[Short descriptive text snippets]
= Beginning of Section =

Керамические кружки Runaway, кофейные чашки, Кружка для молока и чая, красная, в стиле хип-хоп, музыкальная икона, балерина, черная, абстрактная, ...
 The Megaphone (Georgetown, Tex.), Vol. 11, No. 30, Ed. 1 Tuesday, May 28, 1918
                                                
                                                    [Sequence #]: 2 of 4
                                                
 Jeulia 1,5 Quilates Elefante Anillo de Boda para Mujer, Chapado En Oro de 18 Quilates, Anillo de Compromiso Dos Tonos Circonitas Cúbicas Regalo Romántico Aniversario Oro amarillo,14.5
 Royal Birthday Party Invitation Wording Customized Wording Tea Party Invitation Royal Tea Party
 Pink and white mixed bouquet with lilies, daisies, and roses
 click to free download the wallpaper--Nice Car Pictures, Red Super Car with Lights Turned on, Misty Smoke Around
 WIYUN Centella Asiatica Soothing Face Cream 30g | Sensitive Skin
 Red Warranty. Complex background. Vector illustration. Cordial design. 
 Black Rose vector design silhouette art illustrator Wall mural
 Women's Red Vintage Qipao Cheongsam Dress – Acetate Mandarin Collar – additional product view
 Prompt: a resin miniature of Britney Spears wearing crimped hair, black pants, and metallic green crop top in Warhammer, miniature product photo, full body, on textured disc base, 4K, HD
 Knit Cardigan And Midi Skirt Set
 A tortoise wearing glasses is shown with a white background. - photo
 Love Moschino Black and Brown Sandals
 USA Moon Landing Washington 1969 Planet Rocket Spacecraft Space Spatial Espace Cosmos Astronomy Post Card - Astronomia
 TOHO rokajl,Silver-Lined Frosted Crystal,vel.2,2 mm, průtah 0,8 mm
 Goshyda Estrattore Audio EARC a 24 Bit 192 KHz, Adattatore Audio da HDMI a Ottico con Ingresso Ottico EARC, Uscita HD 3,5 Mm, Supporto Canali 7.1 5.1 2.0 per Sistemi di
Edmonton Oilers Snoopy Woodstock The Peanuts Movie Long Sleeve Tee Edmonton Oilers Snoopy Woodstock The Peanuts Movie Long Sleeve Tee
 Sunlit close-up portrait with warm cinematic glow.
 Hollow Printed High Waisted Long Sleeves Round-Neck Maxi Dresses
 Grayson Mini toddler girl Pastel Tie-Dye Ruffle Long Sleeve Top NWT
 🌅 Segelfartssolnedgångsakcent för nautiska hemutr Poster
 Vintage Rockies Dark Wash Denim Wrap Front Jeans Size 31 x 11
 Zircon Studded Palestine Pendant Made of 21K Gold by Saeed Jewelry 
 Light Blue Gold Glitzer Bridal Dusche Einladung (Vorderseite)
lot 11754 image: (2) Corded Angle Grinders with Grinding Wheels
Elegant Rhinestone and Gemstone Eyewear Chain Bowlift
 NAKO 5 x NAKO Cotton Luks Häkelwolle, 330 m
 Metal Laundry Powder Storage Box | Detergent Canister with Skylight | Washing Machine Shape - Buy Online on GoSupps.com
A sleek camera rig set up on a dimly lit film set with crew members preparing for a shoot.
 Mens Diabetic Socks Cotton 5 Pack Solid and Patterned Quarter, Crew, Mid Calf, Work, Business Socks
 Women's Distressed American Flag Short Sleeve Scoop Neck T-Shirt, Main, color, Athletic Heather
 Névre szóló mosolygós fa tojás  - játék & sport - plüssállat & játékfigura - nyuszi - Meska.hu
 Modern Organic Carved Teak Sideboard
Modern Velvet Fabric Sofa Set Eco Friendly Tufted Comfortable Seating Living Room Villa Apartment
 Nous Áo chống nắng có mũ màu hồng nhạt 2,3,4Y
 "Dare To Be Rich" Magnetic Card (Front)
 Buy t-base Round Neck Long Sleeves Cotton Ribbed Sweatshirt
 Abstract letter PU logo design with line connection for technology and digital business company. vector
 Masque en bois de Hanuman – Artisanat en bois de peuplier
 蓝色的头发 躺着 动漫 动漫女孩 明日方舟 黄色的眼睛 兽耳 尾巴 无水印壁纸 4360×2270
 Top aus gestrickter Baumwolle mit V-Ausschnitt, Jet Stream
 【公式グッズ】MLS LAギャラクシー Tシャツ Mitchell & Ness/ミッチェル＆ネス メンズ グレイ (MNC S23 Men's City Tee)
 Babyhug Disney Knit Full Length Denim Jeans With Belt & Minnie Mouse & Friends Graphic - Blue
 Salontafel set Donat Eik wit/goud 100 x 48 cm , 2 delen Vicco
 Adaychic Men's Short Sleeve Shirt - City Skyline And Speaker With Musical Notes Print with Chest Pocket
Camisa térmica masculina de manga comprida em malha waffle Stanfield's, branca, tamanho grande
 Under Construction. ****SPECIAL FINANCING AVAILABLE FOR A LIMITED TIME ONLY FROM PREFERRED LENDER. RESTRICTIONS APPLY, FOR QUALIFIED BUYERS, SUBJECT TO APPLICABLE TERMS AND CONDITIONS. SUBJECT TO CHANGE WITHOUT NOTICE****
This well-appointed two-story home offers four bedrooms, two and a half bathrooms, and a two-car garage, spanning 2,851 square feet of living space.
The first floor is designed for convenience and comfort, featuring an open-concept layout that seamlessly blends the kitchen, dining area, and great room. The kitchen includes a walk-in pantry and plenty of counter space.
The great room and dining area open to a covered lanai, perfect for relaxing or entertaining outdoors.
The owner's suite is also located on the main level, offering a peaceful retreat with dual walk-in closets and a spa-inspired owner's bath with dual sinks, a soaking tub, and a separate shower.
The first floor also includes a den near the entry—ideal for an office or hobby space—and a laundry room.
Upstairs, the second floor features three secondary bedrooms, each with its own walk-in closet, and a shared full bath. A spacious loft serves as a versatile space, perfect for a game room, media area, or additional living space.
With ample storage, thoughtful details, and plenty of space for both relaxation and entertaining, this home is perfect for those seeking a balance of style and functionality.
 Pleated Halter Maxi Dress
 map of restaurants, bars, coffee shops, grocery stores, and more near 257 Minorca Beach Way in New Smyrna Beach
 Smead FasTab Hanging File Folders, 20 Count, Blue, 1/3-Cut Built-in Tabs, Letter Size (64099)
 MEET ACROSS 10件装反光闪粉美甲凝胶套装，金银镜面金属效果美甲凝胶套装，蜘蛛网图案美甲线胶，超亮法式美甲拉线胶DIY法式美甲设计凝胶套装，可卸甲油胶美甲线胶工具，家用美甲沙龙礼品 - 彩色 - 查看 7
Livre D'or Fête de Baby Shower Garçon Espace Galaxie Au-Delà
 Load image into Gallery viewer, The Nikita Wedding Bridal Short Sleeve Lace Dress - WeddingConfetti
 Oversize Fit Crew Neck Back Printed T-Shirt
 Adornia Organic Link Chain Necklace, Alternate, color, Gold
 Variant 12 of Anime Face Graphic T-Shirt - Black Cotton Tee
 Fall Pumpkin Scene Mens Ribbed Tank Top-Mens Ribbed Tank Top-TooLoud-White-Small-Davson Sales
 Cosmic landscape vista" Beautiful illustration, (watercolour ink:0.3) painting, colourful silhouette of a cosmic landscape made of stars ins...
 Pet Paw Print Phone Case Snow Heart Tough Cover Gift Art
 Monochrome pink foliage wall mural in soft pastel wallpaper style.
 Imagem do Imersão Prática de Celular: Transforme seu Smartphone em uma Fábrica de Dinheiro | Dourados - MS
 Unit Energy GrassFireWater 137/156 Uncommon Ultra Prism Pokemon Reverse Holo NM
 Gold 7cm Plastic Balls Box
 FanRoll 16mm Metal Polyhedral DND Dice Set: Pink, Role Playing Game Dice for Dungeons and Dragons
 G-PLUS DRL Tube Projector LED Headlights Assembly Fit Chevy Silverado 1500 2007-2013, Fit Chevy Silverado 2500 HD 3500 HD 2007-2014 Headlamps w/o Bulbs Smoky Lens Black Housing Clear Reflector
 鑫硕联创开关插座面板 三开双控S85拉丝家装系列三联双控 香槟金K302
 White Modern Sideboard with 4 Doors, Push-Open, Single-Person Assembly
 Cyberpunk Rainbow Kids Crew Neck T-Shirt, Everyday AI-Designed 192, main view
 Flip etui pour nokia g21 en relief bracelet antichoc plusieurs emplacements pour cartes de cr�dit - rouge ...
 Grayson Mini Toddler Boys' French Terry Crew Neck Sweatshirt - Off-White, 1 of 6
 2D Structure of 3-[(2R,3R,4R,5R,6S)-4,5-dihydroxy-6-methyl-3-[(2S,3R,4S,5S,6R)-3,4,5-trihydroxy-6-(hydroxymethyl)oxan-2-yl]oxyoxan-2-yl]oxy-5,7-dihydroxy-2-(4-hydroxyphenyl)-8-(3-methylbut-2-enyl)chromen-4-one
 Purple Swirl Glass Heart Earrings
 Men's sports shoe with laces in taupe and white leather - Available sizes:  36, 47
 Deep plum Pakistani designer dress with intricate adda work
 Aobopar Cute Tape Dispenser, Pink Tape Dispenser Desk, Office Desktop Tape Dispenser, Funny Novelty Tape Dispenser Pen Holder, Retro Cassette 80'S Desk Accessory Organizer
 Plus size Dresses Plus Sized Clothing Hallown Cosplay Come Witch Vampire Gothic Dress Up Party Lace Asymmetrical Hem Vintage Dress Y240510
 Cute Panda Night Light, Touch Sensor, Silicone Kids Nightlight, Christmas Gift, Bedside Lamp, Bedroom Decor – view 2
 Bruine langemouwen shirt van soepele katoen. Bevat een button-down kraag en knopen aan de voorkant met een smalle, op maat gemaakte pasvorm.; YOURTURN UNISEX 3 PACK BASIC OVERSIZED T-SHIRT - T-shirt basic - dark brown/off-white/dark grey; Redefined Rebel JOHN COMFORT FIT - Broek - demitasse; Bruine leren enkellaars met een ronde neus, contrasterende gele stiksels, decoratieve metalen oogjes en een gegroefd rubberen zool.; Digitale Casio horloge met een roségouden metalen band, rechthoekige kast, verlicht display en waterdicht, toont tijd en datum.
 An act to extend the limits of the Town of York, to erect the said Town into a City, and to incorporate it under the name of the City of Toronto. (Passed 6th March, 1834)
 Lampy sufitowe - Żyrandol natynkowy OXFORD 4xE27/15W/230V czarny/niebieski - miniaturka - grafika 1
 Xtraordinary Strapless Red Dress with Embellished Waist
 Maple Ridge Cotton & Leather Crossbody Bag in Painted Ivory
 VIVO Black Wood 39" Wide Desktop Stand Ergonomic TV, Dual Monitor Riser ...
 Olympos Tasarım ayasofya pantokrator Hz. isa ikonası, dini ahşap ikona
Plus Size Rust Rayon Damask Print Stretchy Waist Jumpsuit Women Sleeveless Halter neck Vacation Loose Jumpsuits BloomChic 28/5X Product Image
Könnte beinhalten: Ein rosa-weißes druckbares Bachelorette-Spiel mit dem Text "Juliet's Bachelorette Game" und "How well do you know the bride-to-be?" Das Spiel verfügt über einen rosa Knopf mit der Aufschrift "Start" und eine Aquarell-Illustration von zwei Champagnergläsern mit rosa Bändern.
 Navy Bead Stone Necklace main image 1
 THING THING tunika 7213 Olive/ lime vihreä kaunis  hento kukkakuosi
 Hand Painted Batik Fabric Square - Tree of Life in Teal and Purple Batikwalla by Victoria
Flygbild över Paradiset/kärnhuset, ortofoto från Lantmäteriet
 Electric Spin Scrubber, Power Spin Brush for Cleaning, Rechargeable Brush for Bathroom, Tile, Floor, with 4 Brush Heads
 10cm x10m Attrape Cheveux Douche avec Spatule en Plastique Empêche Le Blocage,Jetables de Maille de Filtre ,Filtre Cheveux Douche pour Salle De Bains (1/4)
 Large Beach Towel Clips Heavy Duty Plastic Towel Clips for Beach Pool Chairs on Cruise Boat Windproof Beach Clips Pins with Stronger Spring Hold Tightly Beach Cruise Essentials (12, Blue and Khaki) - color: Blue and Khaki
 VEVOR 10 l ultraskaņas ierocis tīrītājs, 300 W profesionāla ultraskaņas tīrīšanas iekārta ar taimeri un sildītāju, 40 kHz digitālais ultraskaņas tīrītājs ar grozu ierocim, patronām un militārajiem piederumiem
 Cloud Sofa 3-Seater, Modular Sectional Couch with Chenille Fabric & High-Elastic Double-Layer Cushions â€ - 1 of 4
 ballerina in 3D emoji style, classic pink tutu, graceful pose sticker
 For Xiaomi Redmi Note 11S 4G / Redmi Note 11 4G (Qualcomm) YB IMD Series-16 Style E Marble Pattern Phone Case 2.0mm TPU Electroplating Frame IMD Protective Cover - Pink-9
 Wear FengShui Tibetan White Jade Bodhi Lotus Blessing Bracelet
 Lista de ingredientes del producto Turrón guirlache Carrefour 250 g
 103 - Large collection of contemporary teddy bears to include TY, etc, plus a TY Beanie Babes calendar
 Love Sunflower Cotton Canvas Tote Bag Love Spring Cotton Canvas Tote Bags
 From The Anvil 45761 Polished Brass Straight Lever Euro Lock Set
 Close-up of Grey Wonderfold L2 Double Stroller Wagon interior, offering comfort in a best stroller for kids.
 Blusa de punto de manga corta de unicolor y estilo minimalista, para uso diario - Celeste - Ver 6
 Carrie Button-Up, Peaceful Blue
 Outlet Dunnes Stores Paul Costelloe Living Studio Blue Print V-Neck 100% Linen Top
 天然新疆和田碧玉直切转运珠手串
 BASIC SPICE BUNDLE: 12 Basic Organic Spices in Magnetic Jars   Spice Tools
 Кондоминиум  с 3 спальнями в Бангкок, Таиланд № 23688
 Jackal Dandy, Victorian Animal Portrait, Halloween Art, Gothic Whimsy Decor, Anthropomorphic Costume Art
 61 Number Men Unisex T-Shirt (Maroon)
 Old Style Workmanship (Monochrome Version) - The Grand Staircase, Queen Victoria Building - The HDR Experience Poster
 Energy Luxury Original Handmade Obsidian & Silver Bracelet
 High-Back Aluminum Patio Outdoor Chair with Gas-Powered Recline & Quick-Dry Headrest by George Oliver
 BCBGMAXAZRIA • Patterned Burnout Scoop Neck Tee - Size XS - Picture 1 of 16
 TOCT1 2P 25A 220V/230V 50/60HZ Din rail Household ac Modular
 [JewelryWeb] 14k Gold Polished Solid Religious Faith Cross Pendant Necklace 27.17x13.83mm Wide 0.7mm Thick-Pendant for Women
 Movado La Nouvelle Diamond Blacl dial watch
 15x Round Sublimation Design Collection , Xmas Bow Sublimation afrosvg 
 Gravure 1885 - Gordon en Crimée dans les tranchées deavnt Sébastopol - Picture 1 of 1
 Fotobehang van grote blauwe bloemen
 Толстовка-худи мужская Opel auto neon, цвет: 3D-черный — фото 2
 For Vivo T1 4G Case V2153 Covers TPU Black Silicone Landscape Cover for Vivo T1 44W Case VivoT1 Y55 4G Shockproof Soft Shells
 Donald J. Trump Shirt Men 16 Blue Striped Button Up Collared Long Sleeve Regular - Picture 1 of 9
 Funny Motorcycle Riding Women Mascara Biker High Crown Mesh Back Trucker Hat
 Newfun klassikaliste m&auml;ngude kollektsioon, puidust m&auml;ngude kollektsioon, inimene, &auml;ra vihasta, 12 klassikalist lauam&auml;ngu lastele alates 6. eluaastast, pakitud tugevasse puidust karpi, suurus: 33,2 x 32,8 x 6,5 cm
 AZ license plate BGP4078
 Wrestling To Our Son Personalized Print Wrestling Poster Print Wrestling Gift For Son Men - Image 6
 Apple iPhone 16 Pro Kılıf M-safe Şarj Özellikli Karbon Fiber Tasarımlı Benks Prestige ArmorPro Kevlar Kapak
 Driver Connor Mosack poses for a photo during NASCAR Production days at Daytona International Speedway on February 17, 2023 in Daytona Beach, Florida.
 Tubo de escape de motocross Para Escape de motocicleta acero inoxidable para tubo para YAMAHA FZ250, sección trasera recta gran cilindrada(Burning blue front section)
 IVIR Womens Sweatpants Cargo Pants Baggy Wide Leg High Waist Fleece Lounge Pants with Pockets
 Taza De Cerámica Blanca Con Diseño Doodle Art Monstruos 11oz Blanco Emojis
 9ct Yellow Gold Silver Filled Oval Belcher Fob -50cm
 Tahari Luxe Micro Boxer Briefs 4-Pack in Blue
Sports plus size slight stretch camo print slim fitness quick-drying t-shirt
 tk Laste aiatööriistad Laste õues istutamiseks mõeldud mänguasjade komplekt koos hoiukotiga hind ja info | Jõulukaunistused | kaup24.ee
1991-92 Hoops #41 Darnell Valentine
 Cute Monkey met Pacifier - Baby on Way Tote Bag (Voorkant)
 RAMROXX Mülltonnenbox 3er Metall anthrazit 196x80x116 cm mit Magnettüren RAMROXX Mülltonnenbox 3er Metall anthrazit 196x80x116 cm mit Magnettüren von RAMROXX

= End of Section =

Begin with the line above that has "Tubo de escape" and continue through the line that has "9ct Yellow Gold", setting each one down exactly. Stop there.

 Tubo de escape de motocross Para Escape de motocicleta acero inoxidable para tubo para YAMAHA FZ250, sección trasera recta gran cilindrada(Burning blue front section)
 IVIR Womens Sweatpants Cargo Pants Baggy Wide Leg High Waist Fleece Lounge Pants with Pockets
 Taza De Cerámica Blanca Con Diseño Doodle Art Monstruos 11oz Blanco Emojis
 9ct Yellow Gold Silver Filled Oval Belcher Fob -50cm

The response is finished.